----- LISTED RECORDS

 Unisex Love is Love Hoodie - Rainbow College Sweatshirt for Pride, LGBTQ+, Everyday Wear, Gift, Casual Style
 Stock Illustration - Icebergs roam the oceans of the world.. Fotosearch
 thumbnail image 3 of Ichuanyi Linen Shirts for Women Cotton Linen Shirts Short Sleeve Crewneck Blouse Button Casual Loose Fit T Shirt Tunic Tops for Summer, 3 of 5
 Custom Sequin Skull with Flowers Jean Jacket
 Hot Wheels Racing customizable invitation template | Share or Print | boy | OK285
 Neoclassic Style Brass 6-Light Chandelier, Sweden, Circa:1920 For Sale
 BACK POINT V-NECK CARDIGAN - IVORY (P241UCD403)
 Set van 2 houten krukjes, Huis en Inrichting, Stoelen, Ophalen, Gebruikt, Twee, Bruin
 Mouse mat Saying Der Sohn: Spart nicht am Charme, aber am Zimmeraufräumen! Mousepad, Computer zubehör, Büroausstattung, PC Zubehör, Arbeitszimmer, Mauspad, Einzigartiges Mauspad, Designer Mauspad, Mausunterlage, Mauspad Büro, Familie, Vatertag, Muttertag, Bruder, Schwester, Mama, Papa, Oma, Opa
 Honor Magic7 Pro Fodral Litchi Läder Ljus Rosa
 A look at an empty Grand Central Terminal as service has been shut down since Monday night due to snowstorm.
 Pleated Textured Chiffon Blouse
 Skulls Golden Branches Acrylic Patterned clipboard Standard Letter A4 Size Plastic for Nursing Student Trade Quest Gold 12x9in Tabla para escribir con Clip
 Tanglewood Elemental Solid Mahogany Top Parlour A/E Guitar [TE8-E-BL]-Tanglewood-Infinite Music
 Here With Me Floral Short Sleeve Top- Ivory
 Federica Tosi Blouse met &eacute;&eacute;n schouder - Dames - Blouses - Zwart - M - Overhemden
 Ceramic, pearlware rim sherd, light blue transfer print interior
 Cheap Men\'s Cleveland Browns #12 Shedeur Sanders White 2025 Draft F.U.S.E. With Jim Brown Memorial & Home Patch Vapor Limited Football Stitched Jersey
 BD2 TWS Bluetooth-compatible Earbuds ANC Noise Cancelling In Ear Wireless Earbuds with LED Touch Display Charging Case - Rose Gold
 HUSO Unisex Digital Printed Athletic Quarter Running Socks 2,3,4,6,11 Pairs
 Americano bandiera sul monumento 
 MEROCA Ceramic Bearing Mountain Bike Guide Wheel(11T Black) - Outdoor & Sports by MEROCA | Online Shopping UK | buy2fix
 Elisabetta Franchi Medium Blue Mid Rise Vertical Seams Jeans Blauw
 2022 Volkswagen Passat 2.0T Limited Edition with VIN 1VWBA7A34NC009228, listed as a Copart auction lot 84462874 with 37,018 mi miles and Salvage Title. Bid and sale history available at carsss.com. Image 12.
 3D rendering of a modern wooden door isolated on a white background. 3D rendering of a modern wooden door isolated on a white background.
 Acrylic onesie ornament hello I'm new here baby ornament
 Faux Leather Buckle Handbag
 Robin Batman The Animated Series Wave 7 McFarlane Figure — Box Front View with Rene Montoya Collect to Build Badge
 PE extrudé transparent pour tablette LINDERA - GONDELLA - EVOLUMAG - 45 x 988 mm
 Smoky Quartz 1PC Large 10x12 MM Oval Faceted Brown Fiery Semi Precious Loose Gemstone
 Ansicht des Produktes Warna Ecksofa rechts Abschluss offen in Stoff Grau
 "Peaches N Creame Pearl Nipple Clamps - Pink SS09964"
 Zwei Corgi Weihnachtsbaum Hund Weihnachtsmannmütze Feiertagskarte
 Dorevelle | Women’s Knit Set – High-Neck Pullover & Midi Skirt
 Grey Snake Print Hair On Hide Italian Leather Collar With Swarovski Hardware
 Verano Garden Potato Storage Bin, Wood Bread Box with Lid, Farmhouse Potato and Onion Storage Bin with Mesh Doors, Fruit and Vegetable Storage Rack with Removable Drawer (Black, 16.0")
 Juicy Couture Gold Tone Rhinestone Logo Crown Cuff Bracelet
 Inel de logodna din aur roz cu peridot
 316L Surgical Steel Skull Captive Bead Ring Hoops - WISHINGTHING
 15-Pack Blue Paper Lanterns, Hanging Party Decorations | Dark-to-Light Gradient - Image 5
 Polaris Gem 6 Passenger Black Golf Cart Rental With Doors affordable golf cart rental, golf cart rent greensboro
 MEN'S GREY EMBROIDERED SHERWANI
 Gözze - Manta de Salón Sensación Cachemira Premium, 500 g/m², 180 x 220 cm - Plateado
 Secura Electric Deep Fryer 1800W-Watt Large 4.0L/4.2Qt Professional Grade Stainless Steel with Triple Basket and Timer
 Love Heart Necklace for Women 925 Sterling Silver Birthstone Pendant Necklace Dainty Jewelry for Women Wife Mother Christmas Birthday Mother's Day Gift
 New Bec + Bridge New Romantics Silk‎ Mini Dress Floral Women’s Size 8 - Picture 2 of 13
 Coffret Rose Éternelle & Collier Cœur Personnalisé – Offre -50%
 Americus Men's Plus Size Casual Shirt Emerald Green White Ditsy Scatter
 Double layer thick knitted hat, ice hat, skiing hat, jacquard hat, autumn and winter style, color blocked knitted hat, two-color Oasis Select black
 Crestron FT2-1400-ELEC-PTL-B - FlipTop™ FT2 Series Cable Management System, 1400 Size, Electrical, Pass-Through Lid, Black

----------

Write out an exact copy of every record shown above.

* _OUTPUT FOR THIS EXERCISE_:
 Unisex Love is Love Hoodie - Rainbow College Sweatshirt for Pride, LGBTQ+, Everyday Wear, Gift, Casual Style
 Stock Illustration - Icebergs roam the oceans of the world.. Fotosearch
 thumbnail image 3 of Ichuanyi Linen Shirts for Women Cotton Linen Shirts Short Sleeve Crewneck Blouse Button Casual Loose Fit T Shirt Tunic Tops for Summer, 3 of 5
 Custom Sequin Skull with Flowers Jean Jacket
 Hot Wheels Racing customizable invitation template | Share or Print | boy | OK285
 Neoclassic Style Brass 6-Light Chandelier, Sweden, Circa:1920 For Sale
 BACK POINT V-NECK CARDIGAN - IVORY (P241UCD403)
 Set van 2 houten krukjes, Huis en Inrichting, Stoelen, Ophalen, Gebruikt, Twee, Bruin
 Mouse mat Saying Der Sohn: Spart nicht am Charme, aber am Zimmeraufräumen! Mousepad, Computer zubehör, Büroausstattung, PC Zubehör, Arbeitszimmer, Mauspad, Einzigartiges Mauspad, Designer Mauspad, Mausunterlage, Mauspad Büro, Familie, Vatertag, Muttertag, Bruder, Schwester, Mama, Papa, Oma, Opa
 Honor Magic7 Pro Fodral Litchi Läder Ljus Rosa
 A look at an empty Grand Central Terminal as service has been shut down since Monday night due to snowstorm.
 Pleated Textured Chiffon Blouse
 Skulls Golden Branches Acrylic Patterned clipboard Standard Letter A4 Size Plastic for Nursing Student Trade Quest Gold 12x9in Tabla para escribir con Clip
 Tanglewood Elemental Solid Mahogany Top Parlour A/E Guitar [TE8-E-BL]-Tanglewood-Infinite Music
 Here With Me Floral Short Sleeve Top- Ivory
 Federica Tosi Blouse met &eacute;&eacute;n schouder - Dames - Blouses - Zwart - M - Overhemden
 Ceramic, pearlware rim sherd, light blue transfer print interior
 Cheap Men\'s Cleveland Browns #12 Shedeur Sanders White 2025 Draft F.U.S.E. With Jim Brown Memorial & Home Patch Vapor Limited Football Stitched Jersey
 BD2 TWS Bluetooth-compatible Earbuds ANC Noise Cancelling In Ear Wireless Earbuds with LED Touch Display Charging Case - Rose Gold
 HUSO Unisex Digital Printed Athletic Quarter Running Socks 2,3,4,6,11 Pairs
 Americano bandiera sul monumento 
 MEROCA Ceramic Bearing Mountain Bike Guide Wheel(11T Black) - Outdoor & Sports by MEROCA | Online Shopping UK | buy2fix
 Elisabetta Franchi Medium Blue Mid Rise Vertical Seams Jeans Blauw
 2022 Volkswagen Passat 2.0T Limited Edition with VIN 1VWBA7A34NC009228, listed as a Copart auction lot 84462874 with 37,018 mi miles and Salvage Title. Bid and sale history available at carsss.com. Image 12.
 3D rendering of a modern wooden door isolated on a white background. 3D rendering of a modern wooden door isolated on a white background.
 Acrylic onesie ornament hello I'm new here baby ornament
 Faux Leather Buckle Handbag
 Robin Batman The Animated Series Wave 7 McFarlane Figure — Box Front View with Rene Montoya Collect to Build Badge
 PE extrudé transparent pour tablette LINDERA - GONDELLA - EVOLUMAG - 45 x 988 mm
 Smoky Quartz 1PC Large 10x12 MM Oval Faceted Brown Fiery Semi Precious Loose Gemstone
 Ansicht des Produktes Warna Ecksofa rechts Abschluss offen in Stoff Grau
 "Peaches N Creame Pearl Nipple Clamps - Pink SS09964"
 Zwei Corgi Weihnachtsbaum Hund Weihnachtsmannmütze Feiertagskarte
 Dorevelle | Women’s Knit Set – High-Neck Pullover & Midi Skirt
 Grey Snake Print Hair On Hide Italian Leather Collar With Swarovski Hardware
 Verano Garden Potato Storage Bin, Wood Bread Box with Lid, Farmhouse Potato and Onion Storage Bin with Mesh Doors, Fruit and Vegetable Storage Rack with Removable Drawer (Black, 16.0")
 Juicy Couture Gold Tone Rhinestone Logo Crown Cuff Bracelet
 Inel de logodna din aur roz cu peridot
 316L Surgical Steel Skull Captive Bead Ring Hoops - WISHINGTHING
 15-Pack Blue Paper Lanterns, Hanging Party Decorations | Dark-to-Light Gradient - Image 5
 Polaris Gem 6 Passenger Black Golf Cart Rental With Doors affordable golf cart rental, golf cart rent greensboro
 MEN'S GREY EMBROIDERED SHERWANI
 Gözze - Manta de Salón Sensación Cachemira Premium, 500 g/m², 180 x 220 cm - Plateado
 Secura Electric Deep Fryer 1800W-Watt Large 4.0L/4.2Qt Professional Grade Stainless Steel with Triple Basket and Timer
 Love Heart Necklace for Women 925 Sterling Silver Birthstone Pendant Necklace Dainty Jewelry for Women Wife Mother Christmas Birthday Mother's Day Gift
 New Bec + Bridge New Romantics Silk‎ Mini Dress Floral Women’s Size 8 - Picture 2 of 13
 Coffret Rose Éternelle & Collier Cœur Personnalisé – Offre -50%
 Americus Men's Plus Size Casual Shirt Emerald Green White Ditsy Scatter
 Double layer thick knitted hat, ice hat, skiing hat, jacquard hat, autumn and winter style, color blocked knitted hat, two-color Oasis Select black
 Crestron FT2-1400-ELEC-PTL-B - FlipTop™ FT2 Series Cable Management System, 1400 Size, Electrical, Pass-Through Lid, Black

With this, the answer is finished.